I really love that besides all that, they really do define her as a person and not as a superhero. They really get into the fact that she's a high powered, hard work, passionate lawyer. I also love that she loves online gaming, Arthurian legend, Game Of Thrones, and for her resolution to try new things, she takes up LARPing. She even sees a therapist, who in the end actually helps her find herself, something I think all of us could benefit from.


 We so rarely see the normal side of superheroes, especially the women. Considering that she also practices law as SH, there really aren't a lot of reasons to focus on Jennifer as a person. I'm glad they did though. I certainly felt that I had more in common with regular old Jennifer than I did with out of control, party animal She-Hulk.

This is totally how I pictured SH in this book. Art by Jebriodo
I think it's important for us as women to have books like these, to have characters that we can relate with. Women who are strong and independent, who take on bad guys with a passion to do the right thing, that they don't have to be in superhuman form to do so. Isn't that a lesson that we could all learn? Isn't it more important to see that Jennifer is just as much of a hero as She-Hulk?
I think so.

Next on my to-read list is Rogue Touch.


 It's by a different author, so I'm hoping that she decided to take it in the same direction as The She-Hulk Diaries. I'm really looking forward to it.

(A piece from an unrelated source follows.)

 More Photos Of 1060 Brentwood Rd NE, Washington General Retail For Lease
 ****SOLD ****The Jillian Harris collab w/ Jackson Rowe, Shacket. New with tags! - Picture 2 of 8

"An interesting take on Rogue, as her powers take her down a path I never would have imagined." --Chris Claremont, author of Dragon Moon and writer for seventeen years of Uncanny X-Men

Eighteen-year-old Anna Marie was just fired for the third time--this time from a bakery. Why can't she hold a job? Well, for starters, she dresses . . . differently. She looks like a Goth girl to the extreme, her shock of white hair contrasting with her head-to-toe black garb, her face the only skin she chooses to reveal. But Anna Marie doesn't have a choice. Her skin, her touch, is a deadly weapon that must be concealed. She accidentally put her first boyfriend, Cody, in a coma when they kissed. Horrified, she ran away to Jackson, Mississippi, where she's been living alone in a cramped apartment and scraping by on food stamps.

Then she meets otherworldly James and everything changes. He's just like her--completely alone and also on the run. To elude James's mysterious and dangerous family, the pair takes to the highway. As they cross the country, their simmering attraction intensifies and they both open up about their secretive pasts. James reveals that his true name is Touch and he christens Anna Marie Rogue. But with danger at their heels, they know they can't run forever. Rogue must decide if she'll unleash her devastating powers once again, which she swore never to do, in order to save the only person who seems truly to understand and accept her.

"A lost chapter from Rogue's past, told with elegance and conviction and attention to detail. Really entertaining." --Mike Carey, author of the Felix Castor novels and writer of X-Men: Legacy

 I hope Marvel continues on with this trend of writing. I totally think there's a market out there for this. I know there are tons of geek girls out there, just like me, who have been waiting for something like this to come along.

Certainly there are a lot of artists who have had similar ideas. Maybe not chick-lit, so much as old pulp covers


This picture was posted on Club Jade with the title "This book will blow your mind". There were a lot of disappointed fans when they realized that it was only an April Fool's joke. I was one of them.

TonyFleecs's deviantart is filled with these great geeky, pulpy novel covers.














Timothy Anderson has taken the Star Wars movies and turned them into Princess Leia novels in these next few covers



 
I would totally read them all. How about you?

Guess I should get back to writing my own geeky chick-lit. It's about a geek girl who finds herself, and maybe the geek of her dreams along the way. If you're interested in hearing more about it, let me know.